§ **Extracted material**
Segment Open

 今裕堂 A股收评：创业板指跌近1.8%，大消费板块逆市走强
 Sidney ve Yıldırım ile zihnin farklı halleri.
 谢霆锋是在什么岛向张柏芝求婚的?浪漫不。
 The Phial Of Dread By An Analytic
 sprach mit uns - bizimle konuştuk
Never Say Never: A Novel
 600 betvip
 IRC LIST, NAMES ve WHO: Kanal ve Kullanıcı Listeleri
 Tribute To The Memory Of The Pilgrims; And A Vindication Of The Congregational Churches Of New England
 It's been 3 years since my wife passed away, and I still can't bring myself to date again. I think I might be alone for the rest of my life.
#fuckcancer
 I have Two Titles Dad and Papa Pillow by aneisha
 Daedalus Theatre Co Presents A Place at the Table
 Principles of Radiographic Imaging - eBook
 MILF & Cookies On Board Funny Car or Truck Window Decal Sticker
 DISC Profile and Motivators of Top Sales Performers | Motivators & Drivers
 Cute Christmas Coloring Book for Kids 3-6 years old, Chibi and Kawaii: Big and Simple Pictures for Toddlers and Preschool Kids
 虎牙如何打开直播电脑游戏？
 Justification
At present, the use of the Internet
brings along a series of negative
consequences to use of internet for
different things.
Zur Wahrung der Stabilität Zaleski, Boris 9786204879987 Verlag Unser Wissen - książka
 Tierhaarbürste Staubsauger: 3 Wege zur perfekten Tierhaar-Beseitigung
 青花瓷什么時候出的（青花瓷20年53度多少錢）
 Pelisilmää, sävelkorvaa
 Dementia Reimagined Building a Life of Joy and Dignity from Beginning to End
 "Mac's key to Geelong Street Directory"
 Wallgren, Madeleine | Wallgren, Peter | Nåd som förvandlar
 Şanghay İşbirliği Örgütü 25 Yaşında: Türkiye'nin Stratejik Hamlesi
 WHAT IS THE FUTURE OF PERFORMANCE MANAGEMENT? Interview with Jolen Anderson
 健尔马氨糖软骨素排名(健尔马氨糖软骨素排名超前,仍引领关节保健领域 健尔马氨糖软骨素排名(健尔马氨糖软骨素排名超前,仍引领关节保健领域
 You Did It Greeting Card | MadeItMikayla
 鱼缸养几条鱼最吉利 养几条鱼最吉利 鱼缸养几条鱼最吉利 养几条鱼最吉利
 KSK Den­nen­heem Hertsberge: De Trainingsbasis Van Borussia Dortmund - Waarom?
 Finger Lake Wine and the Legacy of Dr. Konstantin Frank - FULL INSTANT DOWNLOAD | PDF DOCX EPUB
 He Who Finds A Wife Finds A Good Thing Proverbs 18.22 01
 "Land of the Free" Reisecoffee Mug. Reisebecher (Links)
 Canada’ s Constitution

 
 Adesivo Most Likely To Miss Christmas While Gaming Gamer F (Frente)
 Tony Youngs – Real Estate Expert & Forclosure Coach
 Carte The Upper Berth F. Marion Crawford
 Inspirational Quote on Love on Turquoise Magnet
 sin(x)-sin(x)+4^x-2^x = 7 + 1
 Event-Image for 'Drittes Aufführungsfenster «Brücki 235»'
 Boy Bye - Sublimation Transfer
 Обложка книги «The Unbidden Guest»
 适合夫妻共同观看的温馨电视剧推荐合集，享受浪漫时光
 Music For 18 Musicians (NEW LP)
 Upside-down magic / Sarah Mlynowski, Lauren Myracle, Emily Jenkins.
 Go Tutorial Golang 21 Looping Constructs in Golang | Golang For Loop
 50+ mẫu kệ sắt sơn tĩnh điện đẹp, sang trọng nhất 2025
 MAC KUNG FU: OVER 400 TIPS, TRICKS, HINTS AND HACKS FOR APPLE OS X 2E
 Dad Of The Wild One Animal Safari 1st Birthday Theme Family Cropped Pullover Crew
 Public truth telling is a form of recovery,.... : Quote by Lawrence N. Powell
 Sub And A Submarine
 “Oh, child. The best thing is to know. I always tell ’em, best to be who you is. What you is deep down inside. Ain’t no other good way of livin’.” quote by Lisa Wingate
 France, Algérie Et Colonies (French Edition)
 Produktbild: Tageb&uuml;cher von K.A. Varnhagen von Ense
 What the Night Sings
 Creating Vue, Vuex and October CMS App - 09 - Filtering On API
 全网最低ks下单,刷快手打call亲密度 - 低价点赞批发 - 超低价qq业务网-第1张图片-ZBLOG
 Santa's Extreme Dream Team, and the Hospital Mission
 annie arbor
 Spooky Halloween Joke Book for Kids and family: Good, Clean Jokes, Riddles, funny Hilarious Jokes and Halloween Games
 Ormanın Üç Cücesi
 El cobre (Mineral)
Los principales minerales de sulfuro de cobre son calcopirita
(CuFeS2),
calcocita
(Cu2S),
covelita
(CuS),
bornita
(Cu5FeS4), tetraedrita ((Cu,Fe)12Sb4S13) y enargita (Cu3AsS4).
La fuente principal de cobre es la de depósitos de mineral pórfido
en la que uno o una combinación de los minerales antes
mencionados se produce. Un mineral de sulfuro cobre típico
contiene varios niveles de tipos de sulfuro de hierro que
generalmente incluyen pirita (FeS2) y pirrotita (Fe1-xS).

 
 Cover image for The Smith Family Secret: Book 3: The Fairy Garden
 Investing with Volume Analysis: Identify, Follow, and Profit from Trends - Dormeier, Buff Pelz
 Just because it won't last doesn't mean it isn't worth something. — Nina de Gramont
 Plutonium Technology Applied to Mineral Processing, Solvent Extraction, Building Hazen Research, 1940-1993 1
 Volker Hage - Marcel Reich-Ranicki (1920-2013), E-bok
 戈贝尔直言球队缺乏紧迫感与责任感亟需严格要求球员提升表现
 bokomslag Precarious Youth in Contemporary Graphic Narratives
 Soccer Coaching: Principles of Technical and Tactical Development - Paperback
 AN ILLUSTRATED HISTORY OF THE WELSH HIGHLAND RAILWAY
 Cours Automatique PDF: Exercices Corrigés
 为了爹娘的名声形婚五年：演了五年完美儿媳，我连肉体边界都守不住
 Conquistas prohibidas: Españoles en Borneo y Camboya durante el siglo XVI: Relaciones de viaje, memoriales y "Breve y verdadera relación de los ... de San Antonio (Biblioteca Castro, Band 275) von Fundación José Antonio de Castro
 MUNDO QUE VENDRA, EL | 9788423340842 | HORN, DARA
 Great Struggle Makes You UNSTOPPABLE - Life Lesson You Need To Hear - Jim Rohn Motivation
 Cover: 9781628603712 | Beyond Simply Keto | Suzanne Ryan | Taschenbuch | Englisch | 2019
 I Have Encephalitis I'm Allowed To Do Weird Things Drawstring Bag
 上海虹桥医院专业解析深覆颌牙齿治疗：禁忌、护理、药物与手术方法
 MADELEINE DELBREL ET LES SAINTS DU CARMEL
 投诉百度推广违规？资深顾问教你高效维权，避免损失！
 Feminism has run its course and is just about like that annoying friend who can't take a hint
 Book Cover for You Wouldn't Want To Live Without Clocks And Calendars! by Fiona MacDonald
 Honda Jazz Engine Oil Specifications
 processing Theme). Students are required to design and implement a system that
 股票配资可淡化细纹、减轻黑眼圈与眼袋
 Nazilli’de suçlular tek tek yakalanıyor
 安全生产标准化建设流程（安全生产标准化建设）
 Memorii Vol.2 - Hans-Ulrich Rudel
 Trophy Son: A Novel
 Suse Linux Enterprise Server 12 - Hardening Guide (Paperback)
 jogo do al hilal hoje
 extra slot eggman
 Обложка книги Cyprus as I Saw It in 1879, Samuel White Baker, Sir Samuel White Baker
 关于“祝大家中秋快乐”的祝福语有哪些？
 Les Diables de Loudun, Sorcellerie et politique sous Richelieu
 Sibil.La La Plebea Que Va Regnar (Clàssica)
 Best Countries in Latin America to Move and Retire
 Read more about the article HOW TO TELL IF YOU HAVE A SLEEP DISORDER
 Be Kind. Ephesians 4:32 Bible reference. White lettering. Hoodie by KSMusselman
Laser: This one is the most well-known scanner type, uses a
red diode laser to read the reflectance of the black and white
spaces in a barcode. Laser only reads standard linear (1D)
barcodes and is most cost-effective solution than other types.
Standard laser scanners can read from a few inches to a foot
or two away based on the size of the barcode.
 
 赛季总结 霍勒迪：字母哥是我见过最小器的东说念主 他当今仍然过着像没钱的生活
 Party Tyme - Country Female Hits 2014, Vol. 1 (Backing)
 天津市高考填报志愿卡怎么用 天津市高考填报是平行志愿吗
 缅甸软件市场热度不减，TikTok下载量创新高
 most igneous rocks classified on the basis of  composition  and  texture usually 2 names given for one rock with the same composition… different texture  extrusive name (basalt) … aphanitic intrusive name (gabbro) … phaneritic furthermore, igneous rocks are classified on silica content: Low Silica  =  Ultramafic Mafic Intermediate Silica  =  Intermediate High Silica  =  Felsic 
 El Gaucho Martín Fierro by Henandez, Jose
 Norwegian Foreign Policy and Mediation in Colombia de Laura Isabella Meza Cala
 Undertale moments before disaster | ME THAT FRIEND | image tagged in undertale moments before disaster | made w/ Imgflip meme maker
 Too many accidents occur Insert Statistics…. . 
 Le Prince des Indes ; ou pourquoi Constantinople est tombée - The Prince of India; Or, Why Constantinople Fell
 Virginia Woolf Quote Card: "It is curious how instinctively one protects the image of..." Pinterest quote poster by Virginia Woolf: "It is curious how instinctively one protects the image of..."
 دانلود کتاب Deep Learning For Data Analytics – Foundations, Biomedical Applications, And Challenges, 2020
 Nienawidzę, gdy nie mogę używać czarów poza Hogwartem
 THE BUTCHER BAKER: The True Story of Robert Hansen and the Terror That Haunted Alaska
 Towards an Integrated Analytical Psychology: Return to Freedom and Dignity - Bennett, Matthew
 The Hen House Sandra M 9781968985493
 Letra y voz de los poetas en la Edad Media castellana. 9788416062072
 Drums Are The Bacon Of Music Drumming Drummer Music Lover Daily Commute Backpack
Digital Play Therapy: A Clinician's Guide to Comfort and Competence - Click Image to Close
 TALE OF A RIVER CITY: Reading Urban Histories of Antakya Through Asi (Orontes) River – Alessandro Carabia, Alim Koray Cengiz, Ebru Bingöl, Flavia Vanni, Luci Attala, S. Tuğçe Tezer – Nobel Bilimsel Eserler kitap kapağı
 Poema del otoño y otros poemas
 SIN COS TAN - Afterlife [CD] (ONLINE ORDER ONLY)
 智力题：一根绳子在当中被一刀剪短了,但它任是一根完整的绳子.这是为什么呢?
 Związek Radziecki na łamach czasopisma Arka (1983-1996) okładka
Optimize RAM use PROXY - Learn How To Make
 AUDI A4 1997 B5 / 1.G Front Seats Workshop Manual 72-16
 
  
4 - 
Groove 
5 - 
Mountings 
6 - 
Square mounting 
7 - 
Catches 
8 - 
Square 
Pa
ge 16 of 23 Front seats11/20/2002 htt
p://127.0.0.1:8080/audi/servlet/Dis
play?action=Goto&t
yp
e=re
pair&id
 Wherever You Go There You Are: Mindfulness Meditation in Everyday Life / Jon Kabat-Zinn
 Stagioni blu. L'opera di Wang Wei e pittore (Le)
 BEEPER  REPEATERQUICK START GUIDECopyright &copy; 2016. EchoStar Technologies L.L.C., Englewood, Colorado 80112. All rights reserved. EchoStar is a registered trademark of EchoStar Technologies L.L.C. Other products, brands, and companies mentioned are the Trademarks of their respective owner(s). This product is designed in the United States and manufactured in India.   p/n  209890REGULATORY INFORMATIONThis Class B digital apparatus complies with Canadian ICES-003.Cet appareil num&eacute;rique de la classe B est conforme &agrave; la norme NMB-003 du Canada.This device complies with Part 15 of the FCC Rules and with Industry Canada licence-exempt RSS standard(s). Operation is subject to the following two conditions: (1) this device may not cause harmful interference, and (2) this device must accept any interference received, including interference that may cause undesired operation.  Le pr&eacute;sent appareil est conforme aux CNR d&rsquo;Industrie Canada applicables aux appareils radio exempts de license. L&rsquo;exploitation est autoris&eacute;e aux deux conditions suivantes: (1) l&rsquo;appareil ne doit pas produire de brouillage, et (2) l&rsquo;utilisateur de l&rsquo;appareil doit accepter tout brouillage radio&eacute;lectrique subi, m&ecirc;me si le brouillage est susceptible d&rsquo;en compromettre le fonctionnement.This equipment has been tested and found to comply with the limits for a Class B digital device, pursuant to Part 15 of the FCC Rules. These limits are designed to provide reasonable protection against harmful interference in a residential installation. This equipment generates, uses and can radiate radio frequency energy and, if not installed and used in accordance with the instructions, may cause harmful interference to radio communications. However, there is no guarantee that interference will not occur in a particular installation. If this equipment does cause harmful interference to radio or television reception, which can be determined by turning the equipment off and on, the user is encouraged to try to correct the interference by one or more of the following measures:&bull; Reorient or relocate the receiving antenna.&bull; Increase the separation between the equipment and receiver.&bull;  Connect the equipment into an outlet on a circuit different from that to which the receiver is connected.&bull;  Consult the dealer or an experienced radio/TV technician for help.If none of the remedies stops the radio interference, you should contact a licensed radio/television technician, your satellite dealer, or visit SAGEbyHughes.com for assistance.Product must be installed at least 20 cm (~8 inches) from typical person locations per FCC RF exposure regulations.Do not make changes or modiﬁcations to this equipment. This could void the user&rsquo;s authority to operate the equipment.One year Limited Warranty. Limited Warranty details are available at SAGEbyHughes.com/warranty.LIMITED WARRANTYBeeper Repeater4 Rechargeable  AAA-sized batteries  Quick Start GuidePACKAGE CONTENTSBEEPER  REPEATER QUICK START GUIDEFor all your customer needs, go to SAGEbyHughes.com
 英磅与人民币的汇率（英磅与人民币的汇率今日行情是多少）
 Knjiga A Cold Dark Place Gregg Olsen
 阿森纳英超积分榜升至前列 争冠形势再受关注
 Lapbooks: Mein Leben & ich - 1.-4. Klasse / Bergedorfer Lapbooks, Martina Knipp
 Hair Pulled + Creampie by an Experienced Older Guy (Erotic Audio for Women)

Segment Closed

The required output is the stretch of entries above from the line containing "安全生产标准化建设流程（安全生产标准化建设）" through the line containing "extra slot eggman", reproduced exactly.

 安全生产标准化建设流程（安全生产标准化建设）
 Memorii Vol.2 - Hans-Ulrich Rudel
 Trophy Son: A Novel
 Suse Linux Enterprise Server 12 - Hardening Guide (Paperback)
 jogo do al hilal hoje
 extra slot eggman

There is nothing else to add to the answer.